The saturation Nato bombing appeared to be backing fighters of the Kosovo Liberation Army, who had been battered by Serbian tank and artillery fire along the border in the morning.

The day of non-stop bombing, with groups of three warplanes swooping every minute or two and dropping orange flares to confuse anti-aircraft fire before releasing their bombs, was the most intense witnessed anywhere since the Kosovo conflict began. Rocking the ground like an earthquake, it appeared to virtually wipe out the Serb-held Kosovo border village of Planeja, just inside the Yugoslav border.

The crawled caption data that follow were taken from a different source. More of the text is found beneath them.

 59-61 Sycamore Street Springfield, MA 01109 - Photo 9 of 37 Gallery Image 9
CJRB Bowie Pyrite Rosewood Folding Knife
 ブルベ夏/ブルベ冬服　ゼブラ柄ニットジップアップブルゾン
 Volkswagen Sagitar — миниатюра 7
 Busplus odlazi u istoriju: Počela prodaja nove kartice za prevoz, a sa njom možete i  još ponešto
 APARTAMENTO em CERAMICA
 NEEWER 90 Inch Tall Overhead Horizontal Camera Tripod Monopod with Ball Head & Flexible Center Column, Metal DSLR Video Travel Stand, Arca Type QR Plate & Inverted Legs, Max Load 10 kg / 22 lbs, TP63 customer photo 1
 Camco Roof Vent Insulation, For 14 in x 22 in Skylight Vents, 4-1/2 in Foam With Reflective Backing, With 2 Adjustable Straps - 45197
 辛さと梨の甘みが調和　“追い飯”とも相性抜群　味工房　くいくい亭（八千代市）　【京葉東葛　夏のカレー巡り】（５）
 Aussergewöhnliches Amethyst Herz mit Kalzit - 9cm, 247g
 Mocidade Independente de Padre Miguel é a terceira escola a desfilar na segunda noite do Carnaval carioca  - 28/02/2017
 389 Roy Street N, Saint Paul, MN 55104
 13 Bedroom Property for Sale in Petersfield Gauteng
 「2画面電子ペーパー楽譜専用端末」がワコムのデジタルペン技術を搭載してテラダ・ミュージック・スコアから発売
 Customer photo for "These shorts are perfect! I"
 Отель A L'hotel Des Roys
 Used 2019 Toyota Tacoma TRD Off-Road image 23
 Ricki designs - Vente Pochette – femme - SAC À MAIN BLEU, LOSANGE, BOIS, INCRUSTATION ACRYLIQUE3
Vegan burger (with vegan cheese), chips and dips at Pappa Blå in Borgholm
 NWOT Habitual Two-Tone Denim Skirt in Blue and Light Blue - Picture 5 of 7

Border police, customs agents and UN workers had pulled back in the face of the Nato bombing, heavy combat and sniper fire that raged across the Morini border post throughout the morning.

"Kosovo is burning. We thought it was the end of the world," said Qamile, a 65-year-old woman in a white headscarf, after stumbling 300 yards across a new "no-man's land" inside Albania.

"The Serbs came last Wednesday and burnt Tusus [a district in the southern Kosovo town of Prizren] to the ground while many old and disabled people were inside their houses," she said slumping, exhausted and trembling, on to a wooden chair. "All 450 houses were ablaze as we ran. They executed my husband and my son after ordering them to stand against a wall. Then they shot my two sisters' husbands, then they slit the throats of my two nephews. They killed 22 members of my family. We buried them on Saturday."

Most journalists here are avoiding using the surnames of interviewees after freed Kosovars reported that Serb police were monitoring foreign news reports and retaliating against family members still in Kosovo.

"The Serbs took us to Zur [a Kosovo town a few miles from the border] by bus," said one of a group of 50 or so men released from the big state prison near Mitrovica. "Then we ran for our lives. The Nato bombs were all around. Serb forces along the route were hiding in bunkers. It was deafening."

Almost every new refugee told a similar story of a family massacre, saying the Serbs appeared increasingly nervous in the Prizren area after nighttime ambushes by the KLA.

We clambered up a mountainside to a point several hundred yards above the border crossing, and more than 9,000ft above sea level, to watch first a one-sided battle between the KLA on the other side of the glass-like Lake Fierze and Serb troops at Vrbnica on our side.

After KLA fighters could be seen moving through woods north of the lake, then firing what seemed to be a machine-gun from an old stone tower, the Serbs opened up with barrage after barrage of tank and artillery fire on the tower, the surrounding hillside and a watchtower marking Albania's side of the border.

The watchtower, presumably unmanned unless by fighters from the KLA, took several direct hits.

The KLA guns soon fell silent as the Serb pounding sent plumes of grey smoke and red earth up over a wide area and started fires across the wooded hillside.

It was then that the Nato aircraft stepped up their activity, rumbling over us in wave after wave, not low but clearly visible, twisting and turning as they dropped bomb after massive bomb around Vrbnica, below us, and directly on to the picturesque red-roofed village of Planeja, on a ridge on the other side of the lake.

We lost count after 200 Nato bomb impacts by midday but the planes continued to pound both areas, thought to have been evacuated by their residents, throughout the afternoon even after thick cloud came in at around 5pm and as dusk fell towards seven.

It was an astonishing sight to look down on to a postcard-like setting, with the impacts of the ground weapons and the Nato bombs reflected perfectly on the surface of the lake.

"They're turning Planeja into a hamburger," said one Albanian villager in Morini, with obvious approval. Down below, Albanian soldiers in poorly fitting uniforms guzzled Dutch beer in the nearest cafe to the border, while UN High Commission for Refugees workers told the new refugees to walk to waiting buses several hundred yards further on, hidden behind a ridge for safety.

In a field near by, a peasant fed two horses as though nothing was going on and Albanian border police lounged in the shade of trees, staying away from their usual posts outside the customs hall.

Villagers in Morini said KLA fighters had come down from the hills during the night for bread before slipping back into the mountains above the border. There was no sign to tell whether the KLA wase making inroads into Kosovo but there was little doubt that the Nato bombing was, at least partly, in defence of the guerrillas.